Requirement: In the copy, include every entry exactly but none of its images.

Captioned web images:
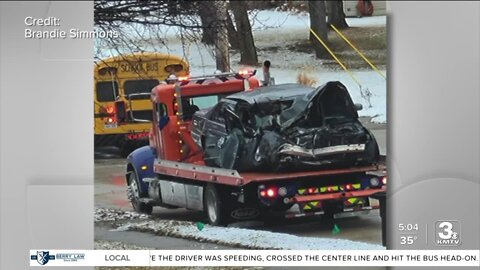 Collision between school bus and Cadillac at 58th and Blondo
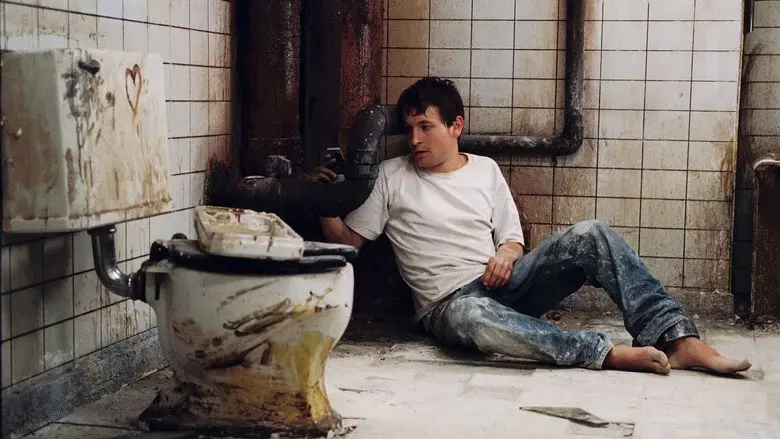 A man seated beside a toilet in the filthy bathroom from Saw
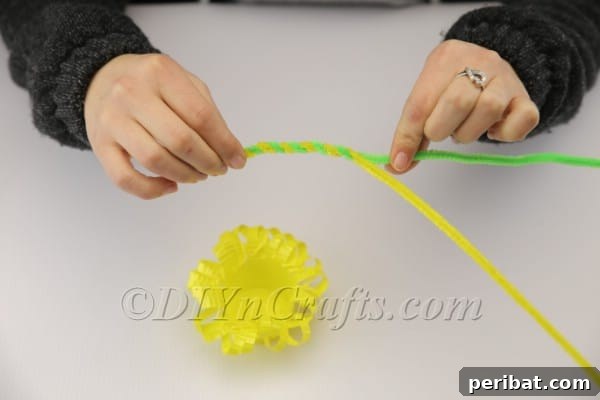 Twisting two pipe cleaners together for a basket handle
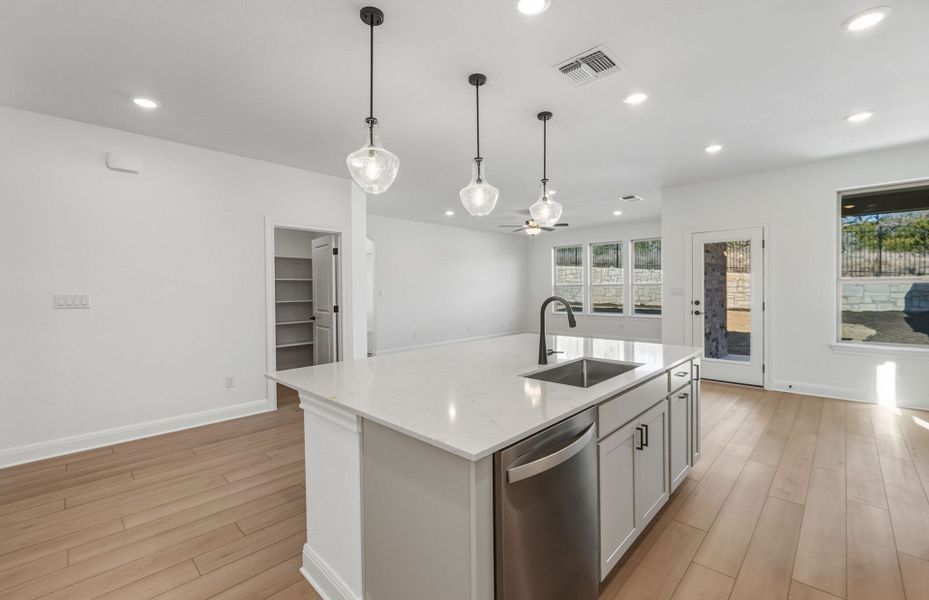Furnished interior view inside a new home in West Cypress Hills, Spicewood (Image 12).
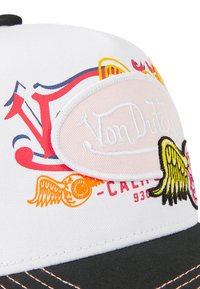 Casquette de baseball blanche avec des motifs brodés colorés, y compris des ailes et un patch logo. Visière noire avec des détails de couture contrastés.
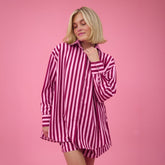Woman wearing a cute oversized button down in pink stripes with matching womens boxer shorts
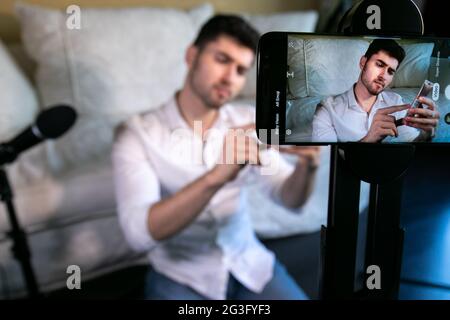 Young male recording video broadcast from home studio setup Stock Photo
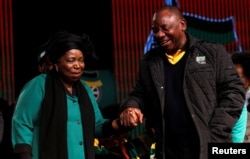 Former African Union chairperson Nkosazana Dlamini-Zuma chats with South Africa's deputy president Cyril Ramaphosa ahead of the African National Congress 5th National Policy Conference at the Nasrec Expo Centre in Soweto, June 30, 2017.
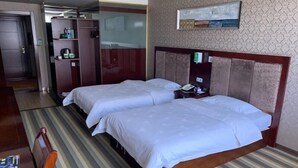 A hotel room with two beds, a wooden headboard, a striped carpet, a desk with a chair, and a wardrobe. - Greentree Alliance Jiayuguan Datang Food Street Sports Avenue Hotel (Jiayuguan)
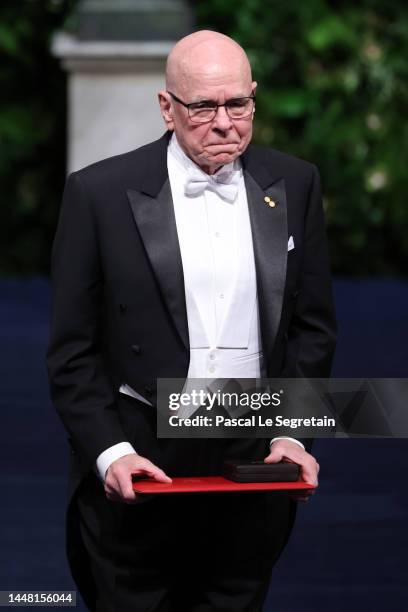 Professor K. Barry Sharpless poses with the 2022 Nobel Prize in Chemistry during the Nobel Prize Awards Ceremony at Stockholm Concert Hall on...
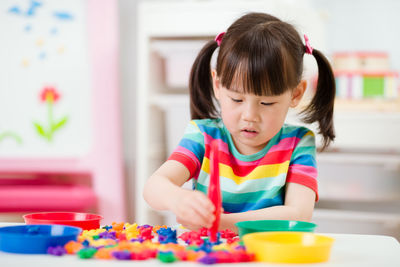 Young girl play math and color sorting fine motor skill game for homeschooling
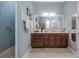 Bright bathroom featuring a double vanity, wood cabinetry, and a large mirror for added convenience at 1653 Victoria Gardens Dr, Deland, FL 32724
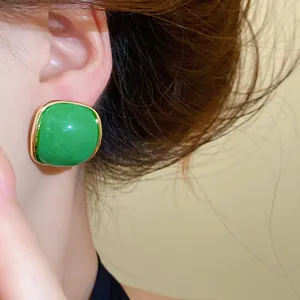 Detailed shot of green resin square stud earrings with elegant gold-tone border on ear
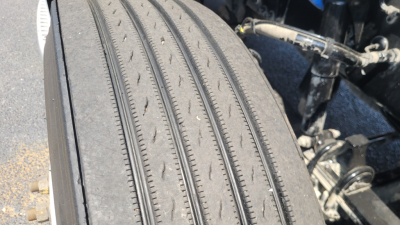 Front left tire of a 2021 Peterbilt 579 conventional daycab showing tread pattern and wheel area.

Answer section:
 Collision between school bus and Cadillac at 58th and Blondo
 A man seated beside a toilet in the filthy bathroom from Saw
 Twisting two pipe cleaners together for a basket handle
Furnished interior view inside a new home in West Cypress Hills, Spicewood (Image 12).
 Casquette de baseball blanche avec des motifs brodés colorés, y compris des ailes et un patch logo. Visière noire avec des détails de couture contrastés.
Woman wearing a cute oversized button down in pink stripes with matching womens boxer shorts
 Young male recording video broadcast from home studio setup Stock Photo
 Former African Union chairperson Nkosazana Dlamini-Zuma chats with South Africa's deputy president Cyril Ramaphosa ahead of the African National Congress 5th National Policy Conference at the Nasrec Expo Centre in Soweto, June 30, 2017.
 A hotel room with two beds, a wooden headboard, a striped carpet, a desk with a chair, and a wardrobe. - Greentree Alliance Jiayuguan Datang Food Street Sports Avenue Hotel (Jiayuguan)
 Professor K. Barry Sharpless poses with the 2022 Nobel Prize in Chemistry during the Nobel Prize Awards Ceremony at Stockholm Concert Hall on...
 Young girl play math and color sorting fine motor skill game for homeschooling
 Bright bathroom featuring a double vanity, wood cabinetry, and a large mirror for added convenience at 1653 Victoria Gardens Dr, Deland, FL 32724
 Detailed shot of green resin square stud earrings with elegant gold-tone border on ear
 Front left tire of a 2021 Peterbilt 579 conventional daycab showing tread pattern and wheel area.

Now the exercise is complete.